Exercise: Output the data below only from the line containing "1, WEST MEAD, BRIDPORT, DT6" up to and including the line containing "925 Sterling Silver", exact and with the pictures left out.

[Opening Information shown section]

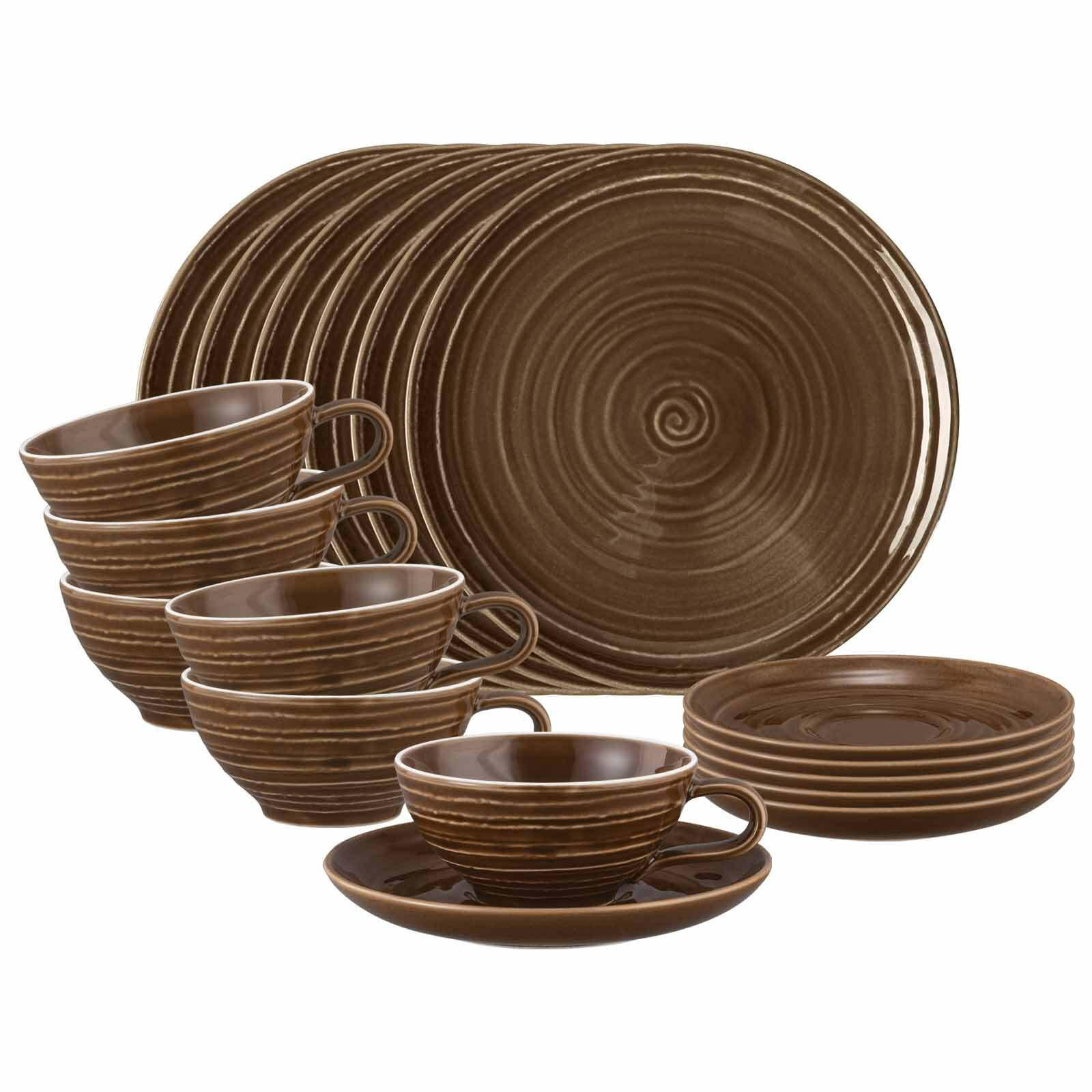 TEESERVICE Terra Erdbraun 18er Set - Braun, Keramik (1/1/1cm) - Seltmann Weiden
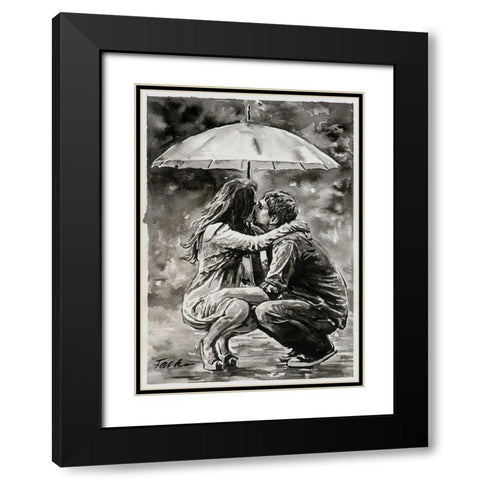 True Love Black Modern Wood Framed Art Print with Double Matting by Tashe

[Closing Information shown section]
[Opening Information shown section]

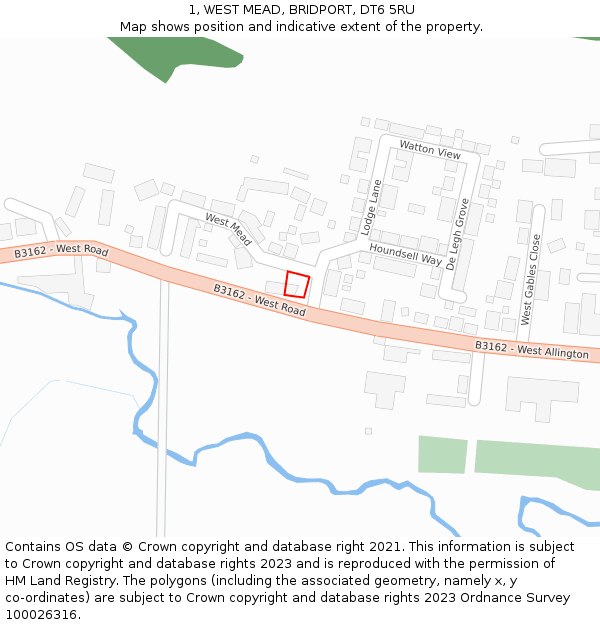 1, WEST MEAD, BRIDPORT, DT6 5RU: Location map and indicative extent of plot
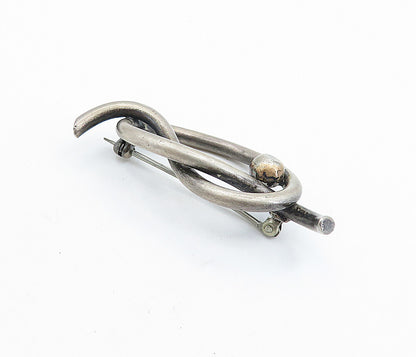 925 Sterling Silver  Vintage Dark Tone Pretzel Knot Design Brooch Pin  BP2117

[Closing Information shown section]

Response area:
 1, WEST MEAD, BRIDPORT, DT6 5RU: Location map and indicative extent of plot
 925 Sterling Silver  Vintage Dark Tone Pretzel Knot Design Brooch Pin  BP2117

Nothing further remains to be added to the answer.